You haven't even rolled yet and you're already complaining and drawing hyperbolic conclusions.

It's an outrageous and unsubstantiated claim that characters with lower stats are water boys who can't be Heros. Can you explain how a couple of modifiers in either direction will destroy your play experience?
 

I totally agree that rolling stats is the way to go. It can actually help identify problem players before your campaign gets underway.
Funny, I'd say labeling people you've never met as "problem players" based on a simple playstyle preference is a good way to identify a problem DM.
 

Oofta

Legend
You haven't even rolled yet and you're already complaining and drawing hyperbolic conclusions.

It's an outrageous and unsubstantiated claim that characters with lower stats are water boys who can't be Heros. Can you explain how a couple of modifiers in either direction will destroy your play experience?

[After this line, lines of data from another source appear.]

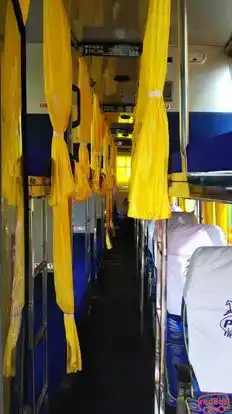 PKR TRAVELS Bus-Seats Image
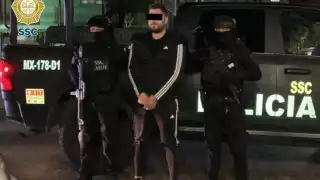 La balacera se suscito el pasado viernes afuera de la terminal área de Ciudad de México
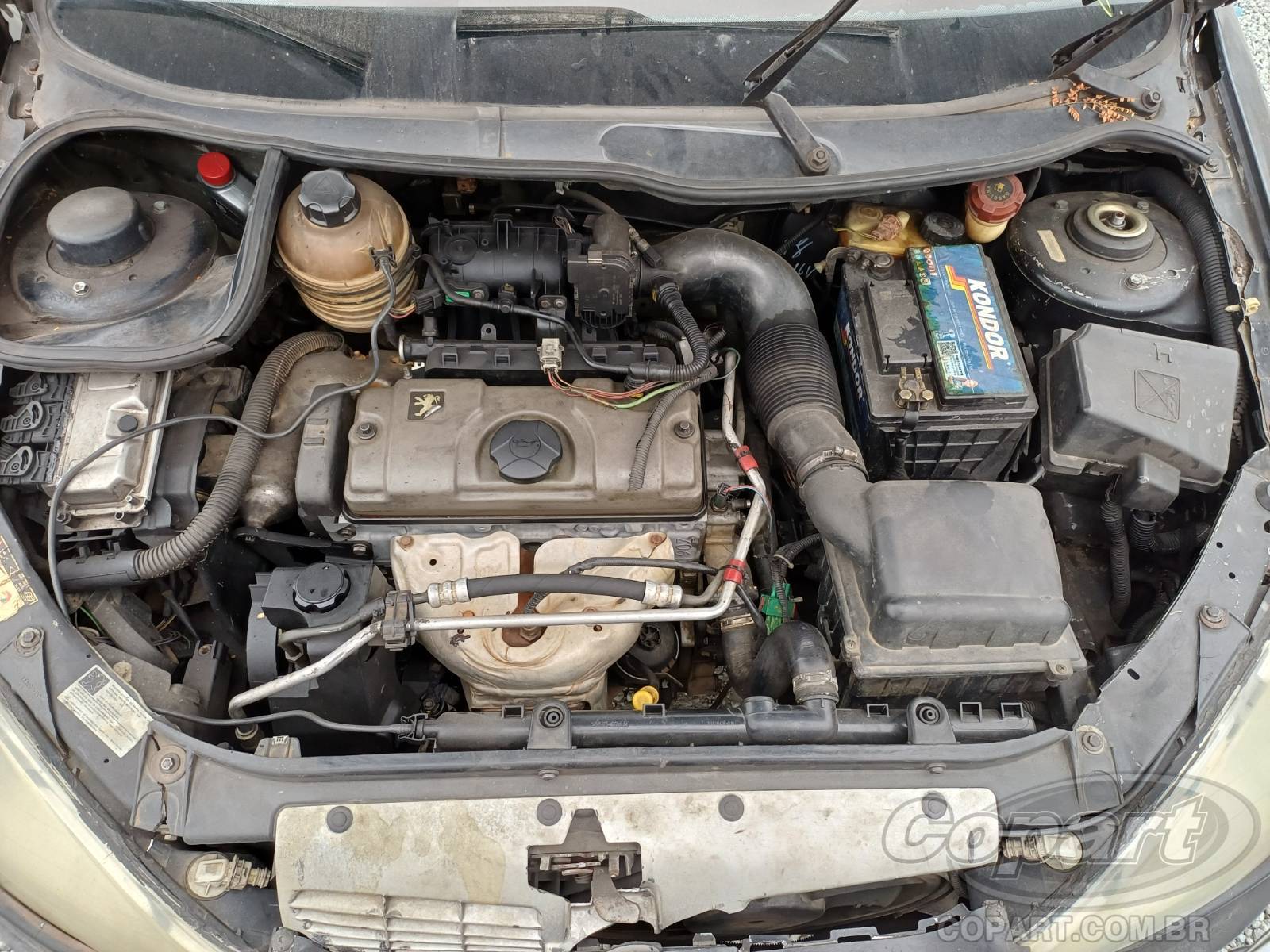 2006 PEUGEOT 206 SW — foto 7 de 11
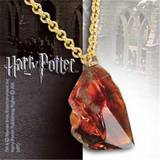 Noble Collection Necklaces Noble Collection Harry Potter: Harry Potter Necklace - Gold/Red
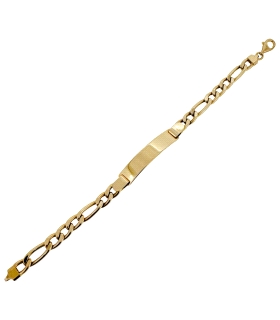 NOMEOLVIDES CABALLERO ORO 18 KTES. 20 CM                                                            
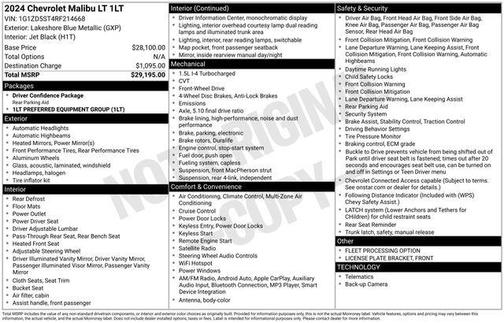 2024 Chevrolet Malibu LT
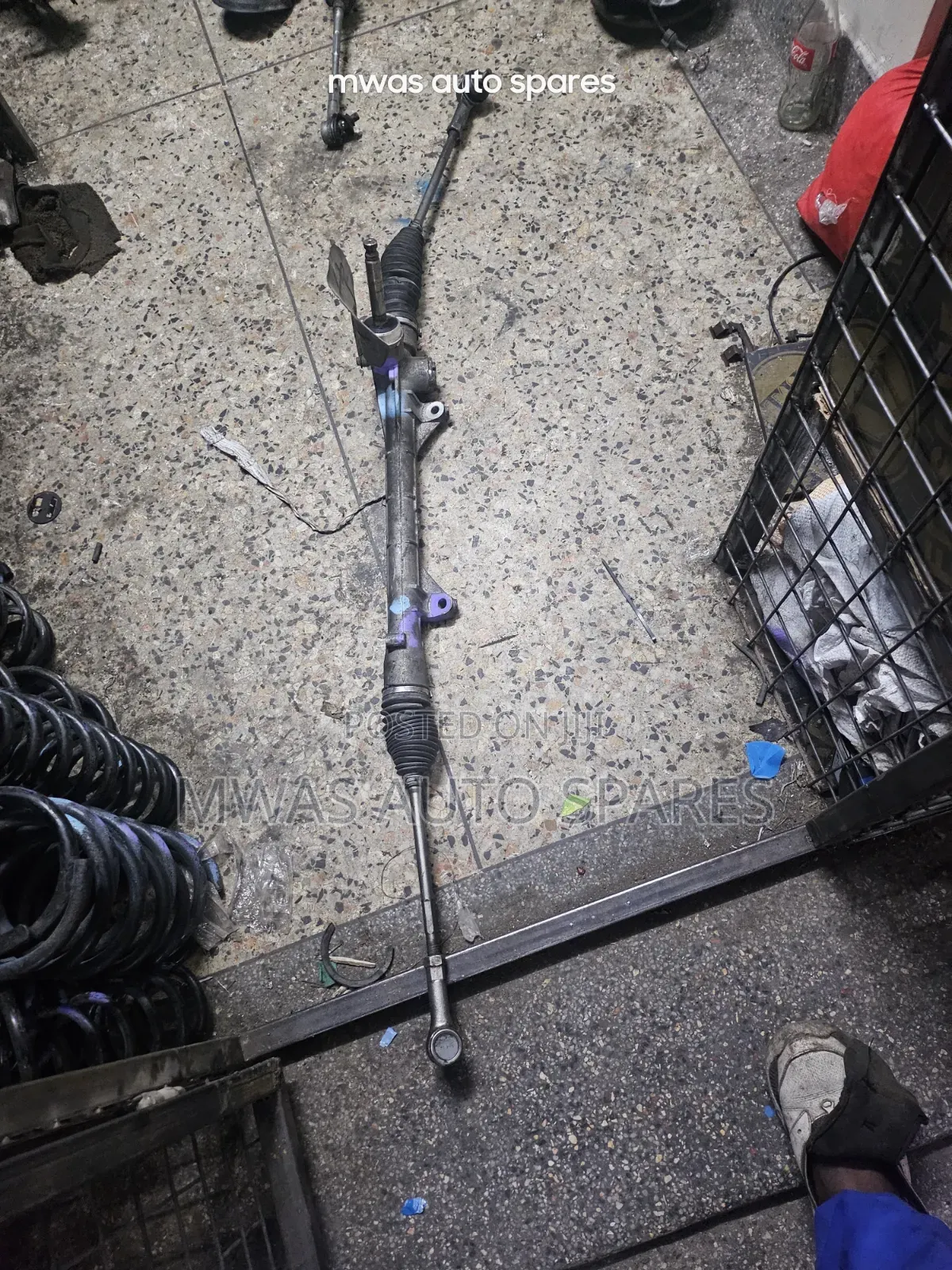 Mitsubishi Outlander Steering Rack
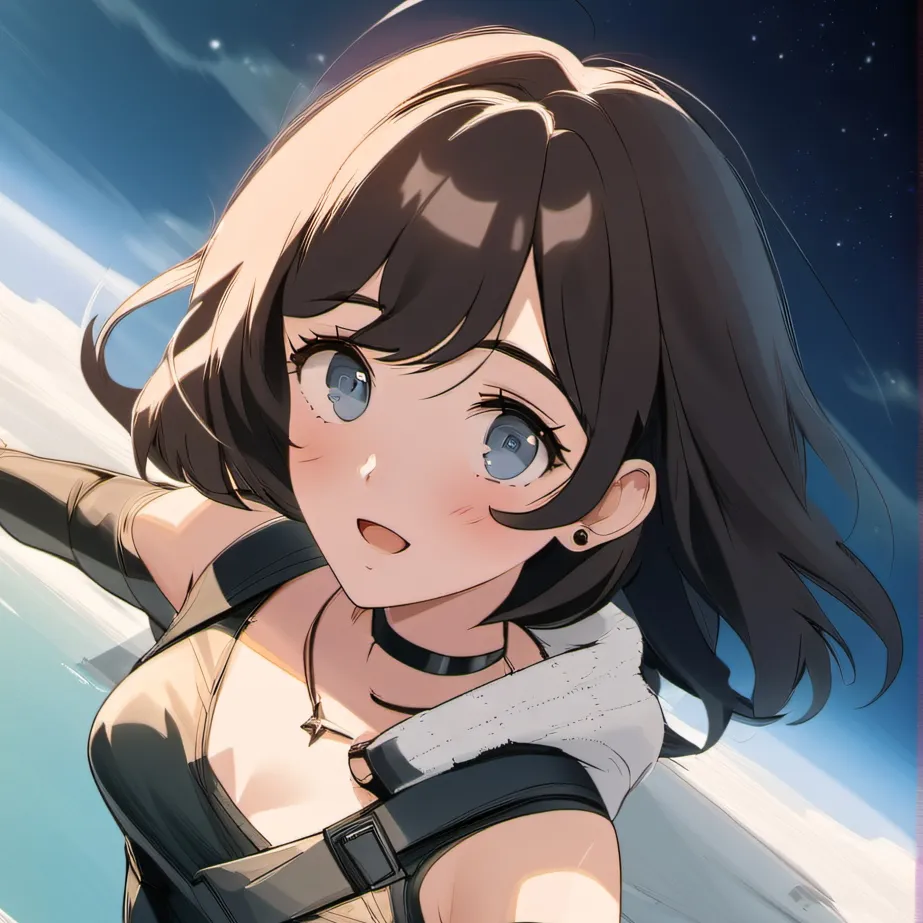 chat with ai character: May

The last time I played in a game where we rolled for stats we had 1 character that had 2 18s and no stat below 14. Another person (not me) had a high stat of 14 and all other stats 10 or below. They started out on extremely uneven footing and neither person was happy with the result.

The difference was not "a few points", the difference was that one person could run whatever character they wanted and be a paragon of the class out of the gate and the other person was relegated to staying and the back while the big boys played hero.

The only thing random die rolls guarantee is that your results will be random. The results can, and in most cases will be, quite unfair.

You may enjoy that, and more power to you. I don't. It's as simple as that.
 

RotGrub

First Post
The last time I played in a game where we rolled for stats we had 1 character that had 2 18s and no stat below 14. Another person (not me) had a high stat of 14 and all other stats 10 or below. They started out on extremely uneven footing and neither person was happy with the result.

The difference was not "a few points", the difference was that one person could run whatever character they wanted and be a paragon of the class out of the gate and the other person was relegated to staying and the back while the big boys played hero.

The only thing random die rolls guarantee is that your results will be random. The results can, and in most cases will be, quite unfair.

You may enjoy that, and more power to you. I don't. It's as simple as that.

Why is everyone jockeying for the hero position? Why is the hero the most powerful character? Are your games more like a competition?
 


Oofta

Legend
Why is everyone jockeying for the hero position? Why is the hero the most powerful character? Are your games more like a competition?

Why is it so horrible to want to play a hero? Or to have options on what class to play while still feeling like you are contributing to the team? Especially in a game that will last a year or more? Because the issue is not "competition" it's being overshadowed by other characters 99% of the time and never feeling like you're pulling your own weight.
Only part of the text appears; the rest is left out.